Hamburg. Im Streit um die steigenden Kosten in der Familienhilfe wird nun auch Kritik der Verwaltung an den Trägerorganisationen laut. "Ich habe das Gefühl, dass die Träger freien Zugriff auf Steuergeld hatten", sagt Markus Schreiber (SPD), Leiter des Bezirksamts Mitte. "Rechnungen von Klempnern sind detaillierter als die von Trägern." So sei es durchaus üblich, dass entsprechende Organisationen lediglich die Zahl der Stunden sowie den Stundensatz aufführten, einen Beweis, dass sie ihre Leistungen auch erbracht hätten, allerdings nicht. "So wussten wir nicht, ob die Mitarbeiter auch vor Ort waren."

Auch der Bezirksamtsleiter von Nord, Wolfgang Kopitzsch (SPD), berichtet von ähnlichen Erfahrungen. "Es gab Fälle, in denen die Träger im Prinzip selbst entscheiden konnten, wer welche Hilfe erhält." Und ein anderer führender Verwaltungsmitarbeiter, der nicht genannt werden möchte, berichtet dem Abendblatt über eine gewisse Ohnmacht gegenüber den Trägern. "Wir müssten viel stärker kontrollieren, was die genau machen und was die Maßnahmen bewirken. Aber dafür fehlt das Personal. Dann wird halt nur noch abgezeichnet - und das kostet." In kaum einem anderen Bereich der Stadt werde so viel Geld für so eine verhältnismäßig kleine Gruppe ausgegeben, das sei eigentlich unverantwortlich.

Auslöser dieser Äußerungen ist die Steigerung der Kosten für die sogenannten Hilfen zur Erziehung für Familien in Problemlagen.

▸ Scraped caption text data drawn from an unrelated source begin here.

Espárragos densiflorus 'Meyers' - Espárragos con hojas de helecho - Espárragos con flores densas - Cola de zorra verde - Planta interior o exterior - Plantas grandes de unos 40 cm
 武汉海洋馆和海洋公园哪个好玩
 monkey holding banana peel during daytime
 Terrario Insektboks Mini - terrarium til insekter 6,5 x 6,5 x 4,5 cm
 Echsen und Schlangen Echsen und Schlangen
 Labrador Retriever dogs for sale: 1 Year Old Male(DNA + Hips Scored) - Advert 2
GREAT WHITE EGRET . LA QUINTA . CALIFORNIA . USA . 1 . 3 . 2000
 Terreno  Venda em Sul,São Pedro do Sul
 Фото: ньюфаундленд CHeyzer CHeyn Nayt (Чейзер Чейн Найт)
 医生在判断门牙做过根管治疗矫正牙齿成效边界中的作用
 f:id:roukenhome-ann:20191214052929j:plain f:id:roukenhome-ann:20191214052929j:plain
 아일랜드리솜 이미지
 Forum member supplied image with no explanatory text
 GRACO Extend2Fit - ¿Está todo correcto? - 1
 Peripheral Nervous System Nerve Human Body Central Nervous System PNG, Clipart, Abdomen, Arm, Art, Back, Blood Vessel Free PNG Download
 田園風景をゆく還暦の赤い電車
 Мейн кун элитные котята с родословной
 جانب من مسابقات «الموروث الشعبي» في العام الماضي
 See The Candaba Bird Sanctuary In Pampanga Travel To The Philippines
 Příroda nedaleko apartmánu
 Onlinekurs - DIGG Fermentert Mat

Gab die Stadt dafür 2001 noch rund 133 Millionen Euro im Jahr aus, sind es heute 100 Millionen Euro mehr. Vor diesem Hintergrund hat die Hamburger Sozialbehörde die Leitung einer Arbeitsgruppe von SPD-Staatssekretären übernommen, die das Kinder- und Jugendhilferecht derart ändern soll, dass die Ausgaben nicht noch weiter steigen.

Gabi Brasch, Vorstand der Hamburger Diakonie, bestreitet, dass sich die Träger praktisch in einer Art Selbstbedienung lukrative Aufträge ergattern würden. "Die Entscheidung über Familienhilfen fallen immer in den Jugendämtern und nicht bei den Trägern." Zwar sei es möglich, dass Entscheidungen der Ämter wegen Unterbesetzungen in Zeitnot getroffen würden oder sich die Beamten nicht intensiv genug mit den Familien beschäftigten. "Aber dass die Träger derartige Entscheidungen träfen, würde die Welt verkehren." Das sieht Michael Edele, Geschäftsführer der Arbeitsgemeinschaft der Freien Wohlfahrtspflege, des Dachverbands der Trägerorganisationen, genauso. "Genehmigen kann nur die Behörde."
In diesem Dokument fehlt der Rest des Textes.